Quel che importa, che qui ci interessa, è cosa si cela nell’etimo della parola “catastrofe”, un importante significato secondo e risultante alla propria dualità binaria (Gestalt-theorie, crescita-forma, rialzo-ribasso): cambiamento di forma.
Il mutamento sottintende una serie continua di fenomeni.
Il mondo cristallino della vita performativa dell’uomo occidentale è rassicurato e rassicurante del cosiddetto “fenomeno-continuo”, la scienza, e l’uomo di scienza che ne deriva, ha fatto in modo di collocare il fenomeno, come fatto prevedibile, quasi tecnico. Perfetto - direte voi - possiamo stare tranquilli. Non proprio.
L’ambiguità sta nel collocarne il punto critico. E cioè quando il mutamento della forma fa crollare l’equilibrio.
Senza esaurire il discorso, avete presente quando improvvisamente il soufflé ambito sognato e prefigurato si sgonfia, crolla, e con lui tutti i nostri sogni di determinare, dirigere, predisporre come volevamo? E con lui quella paura sottile, dell’universo che no, proprio non ci gira attorno, ma quel timore ce l’avevamo già prima, non sappiamo cosa, non sappiamo a chi, qualcosa potrebbe accadere… e che capitino agli altri, che diamine! La Valium-Tv ce l’aveva fatta vedere così… Io devo vivere “adesso e qui”, con i miei obiettivi a portata di mano!
Stavolta però la manovra fallì miseramente, perché la gente che era stata catturata da questo squarcio di televisione verità non era incline a farsi prendere in giro dalle solite tecniche. Perché per fare certe cose ci vuole gente addestrata, e misero un Ministro specializzato in sciagure.
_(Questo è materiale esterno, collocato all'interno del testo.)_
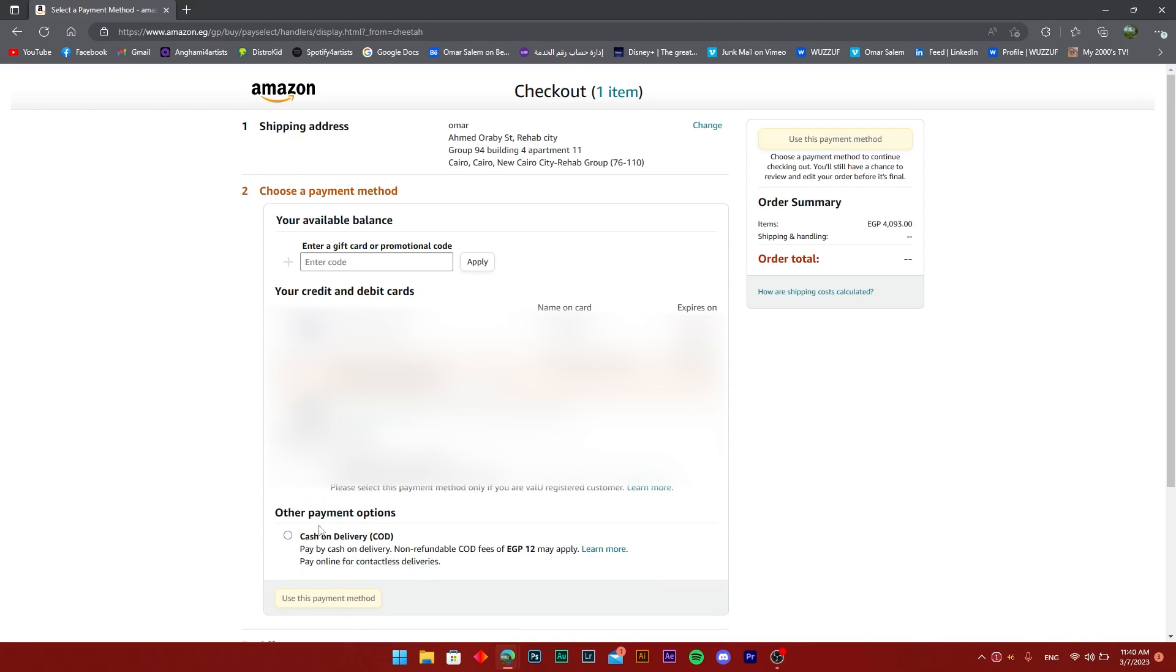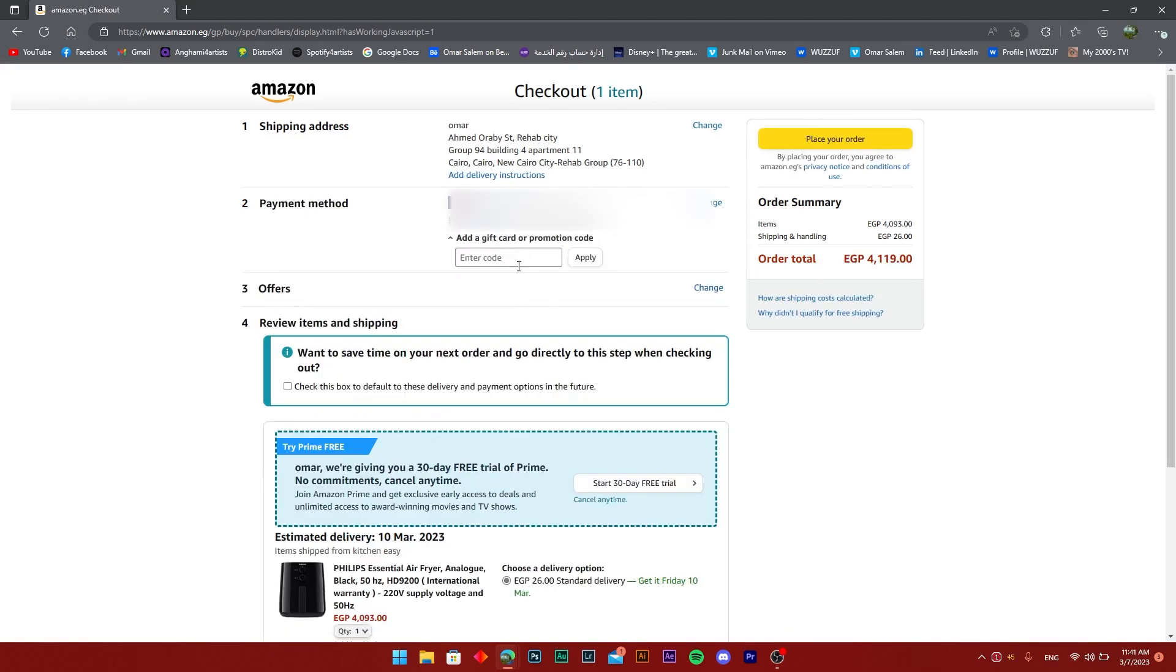Which I'm not going to show on screen of course. You're going to see the option of adding a gift card or a promotion code right there. Once you add it, the total will be reduced by the amount from the gift card.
E giù i media, a dar man forte al Ministro, ma ancor prima, a illustrarci e descriverci, dalla Bibbia in poi, passando per il nostro piccolo e amato schermo portable, di locuste, dell’italica Seveso, di inondazioni tremende-tregende, e si salvi chi può. Starci fino al collo è la normalità insomma, l’eccezione è quell’angoletto profumato laggiù, nel golfo pugliese tarantino, e vabbè, si paga caro, eppoi, l’ineluttabile progresso, i comfort, pagare qualcosa ci sta, non si può volere tutto, ma... ma allora c’aspetta un mucchio di merda nel nostro futuro? La catastrofe è ineluttabile?
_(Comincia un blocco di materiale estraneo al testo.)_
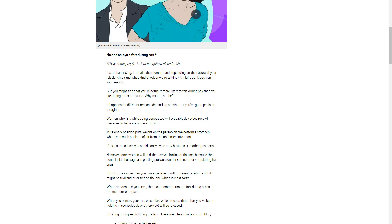We know who that is, don't we, guys? That is none other than the Toddster. Toddster loves a good ass-rippin'. It's embarrassing. It breaks the moment, depending on the nature of your relationship and what kind of odor we're talking. It might put kibosh on your session.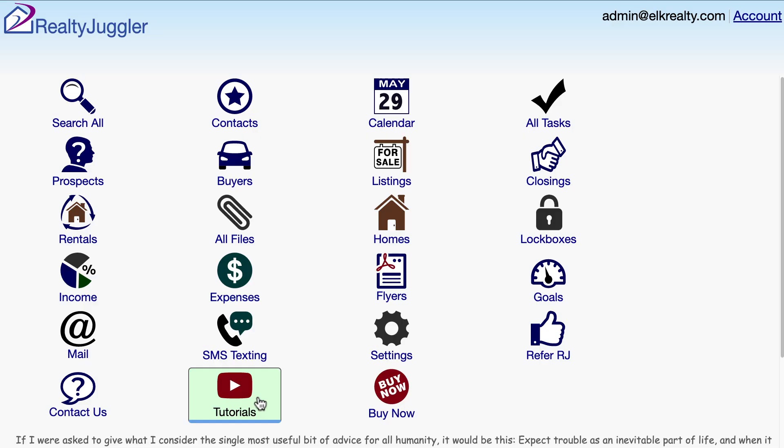For additional information on how RealtyJuggler works, click on the Video Tutorials icon at the bottom of the main screen. From there, you will see a full list of all of the videos, as well as a comprehensive set of written user's manuals.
…e un ombroso Lucifero scenderà su una proda del Tamigi, dell’Hudson, della Senna scuotendo le ali di bitume semi-mozze dalla fatica, a dirti: è l’ora.
(Eugenio Montale, La bufera)
In termini poco alati: quando è che la nave affonda? Quando la montagna frana? Il rivolgimento centripeto verso il basso della catastrofe, in fondo in fondo, non fa altro che rivelare la propria identità, la ferrea di resistenza di esistenza, la caduta dell’uomo come momento di perdita del cielo (Spirito) e di confinamento alla terra (Materia).
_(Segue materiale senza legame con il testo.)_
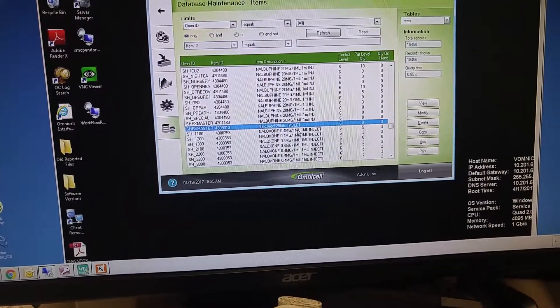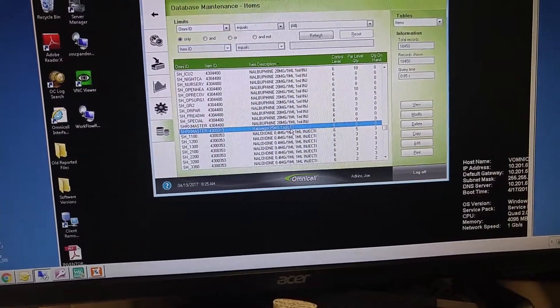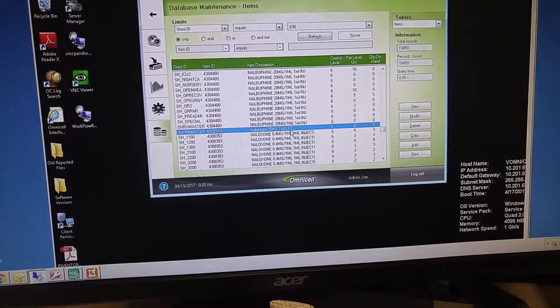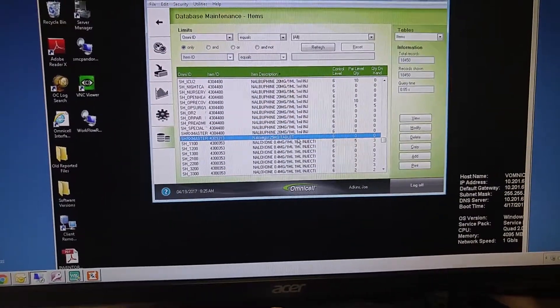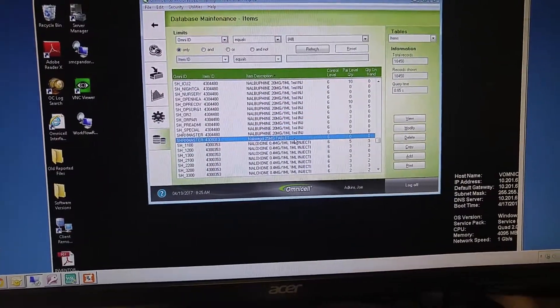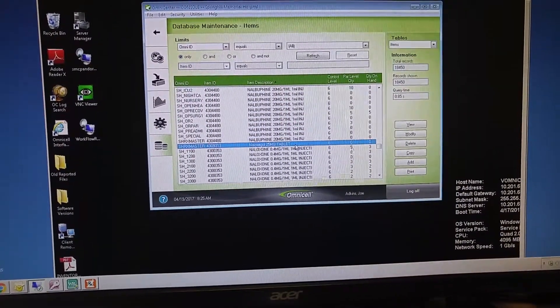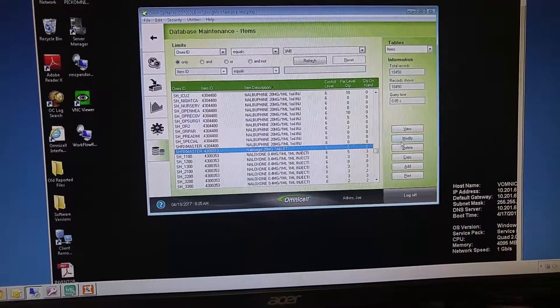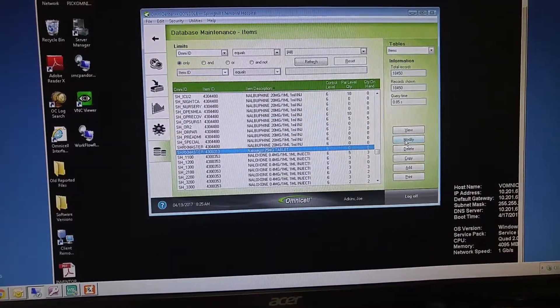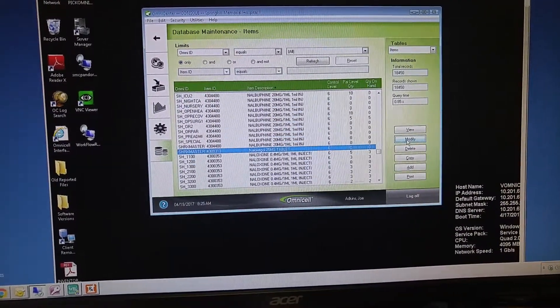If there happens to be more than one, you can choose any of them. The barcode will be added to all the items, even if you add it to just one. So highlight that item, and we're going to hit Modify.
Ambiguo, se vogliamo dar retta alle etimologie, la parola ambiguo deriva dal latino amb (intorno) e agere (agire): certo questo significato d’antico sapere laziale spiega le azioni doppie (il tradimento, la menzogna), ma non rende bene il conto della dualità che invece essa evidenzia.
Allontaniamoci un istante dalla bussola delle parole. L’approdo è così vicino che sfugge ai nostri sguardi.
Brano consigliato: Francesco Gabbani, Occidentali’s Karma.